Case Reference: NV/2023/0007/GGE
Environment
Decided without a hearing
Before
JUDGE NEVILLE
Between
AGCO LIMITED
Appellant
and
ENVIRONMENT AGENCY
Respondent
Decision:
(i) The appeal is allowed
(ii) The Tribunal substitutes a penalty notice in the sum of £60,000
REASONS
AGCO Limited appeals against a civil penalty notice in the sum of £95,025, served on it by the Environment Agency on 17 February 2023.
The F Gas Regulation
EU Regulation 517/2014 aims to control emissions of fluorinated greenhouse gases (“F-gases”), including hydrofluorocarbons (“HFCs”), by (among other measures) imposing a stepped reduction of the total that can be placed on the market in the European Union. F-gases are a major contributor to climate change and, weight for weight, some have a global warming effect many thousands of times higher than carbon dioxide. Following the United Kingdom’s departure from the European Union, the EU Regulation was retained in domestic law. It is now the GB F-gas Regulation, and regulates F-gases placed on the market in Great Britain. There is furthermore a separate GB F-gas registry and quota system. This has had consequences for British businesses engaged in the sale of F-gases and goods containing them. Previously, a business in the UK buying F-gases from another EU member state (termed a ‘downstream operator’) would have faced no obligations under the EU Regulation. Now, they are treated as importers and must comply with the GB Regulation’s requirements accordingly.
As to how different products are treated, from 1 January 2015, the EU Regulation prohibited the bulk importation or production of HFCs by an organisation unless it held sufficient quota.
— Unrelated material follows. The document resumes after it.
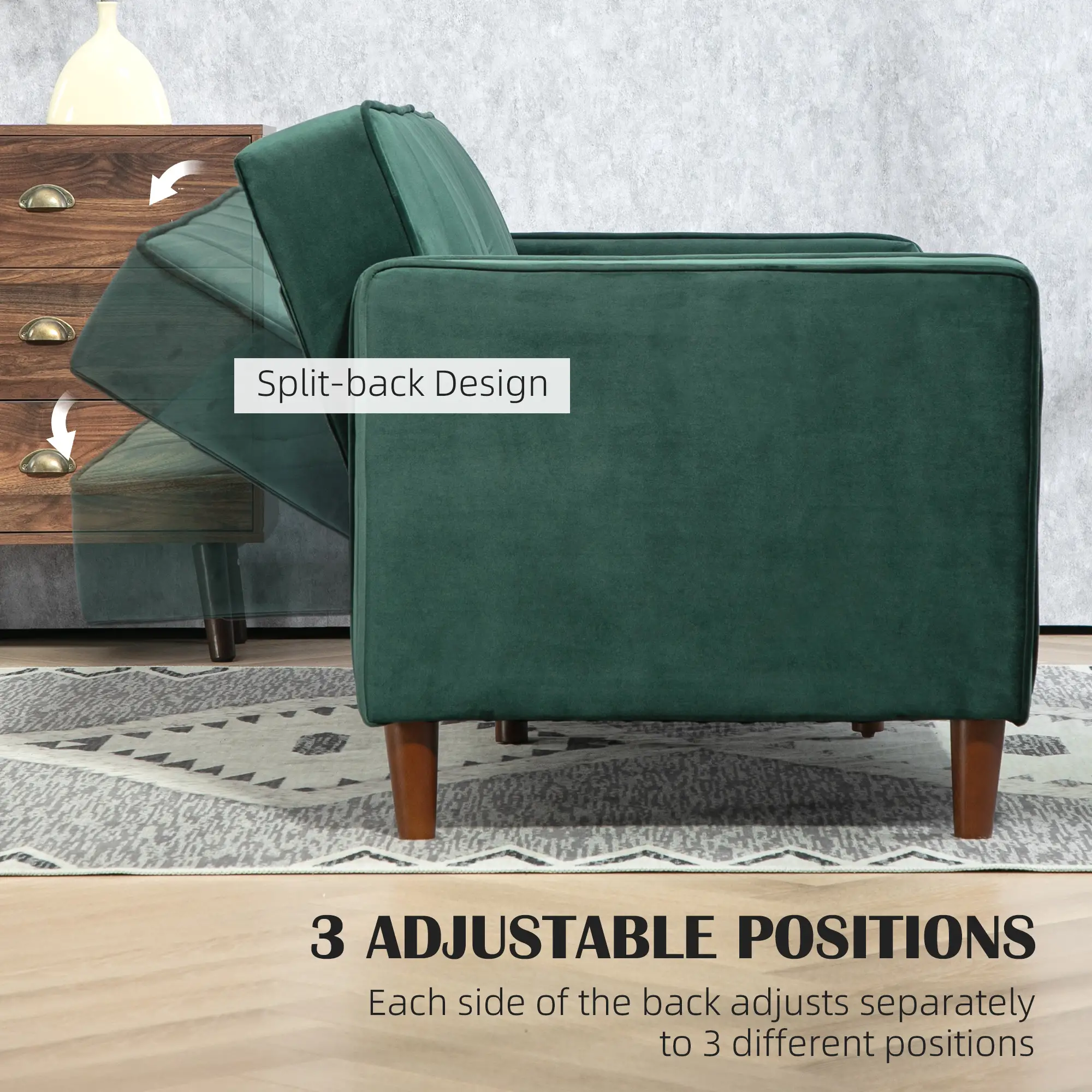 Velvet Sofa Bed 189 x 80.5 x 78.5cm - Green - 5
From 1 January 2017, pursuant to Article 14(1), organisations were prohibited from placing refrigeration, air conditioning and heat pump equipment pre-charged with HFCs on the market unless a sufficient number of quota authorisations had been obtained. It is important to emphasise the difference between quota and quota authorisations. Quota cannot be used directly for pre-charged equipment; the importer must instead obtain sufficient quota authorisations from a quota holder. These features are preserved in the GB Regulation.
If the prohibition at Article 14(1) is breached, Regulation 31A of the Fluorinated Greenhouse Gases Regulations 2015 provides that an enforcing authority (here, the Environment Agency) may impose a civil penalty, and Paragraph 1(4) of Schedule 4 sets the maximum civil penalty at £200,000. It is that provision under which the present penalty notice was served.
The penalty notice
The service of the penalty notice followed a Notice of Intent sent on 6 October 2022, in response to which AGCO admitted placing equipment charged with F-gases on the market in GB without the necessary quota authorisations and made representations as to why a penalty should not be imposed.
In deciding to issue the penalty notice, the Environment Agency applied its Enforcement and Sanctions Policy (Footnote: 1) (“ESP”). The introduction to the ESP is as follows:
This document sets out the Environment Agency’s enforcement and sanctions policy. It applies to England only.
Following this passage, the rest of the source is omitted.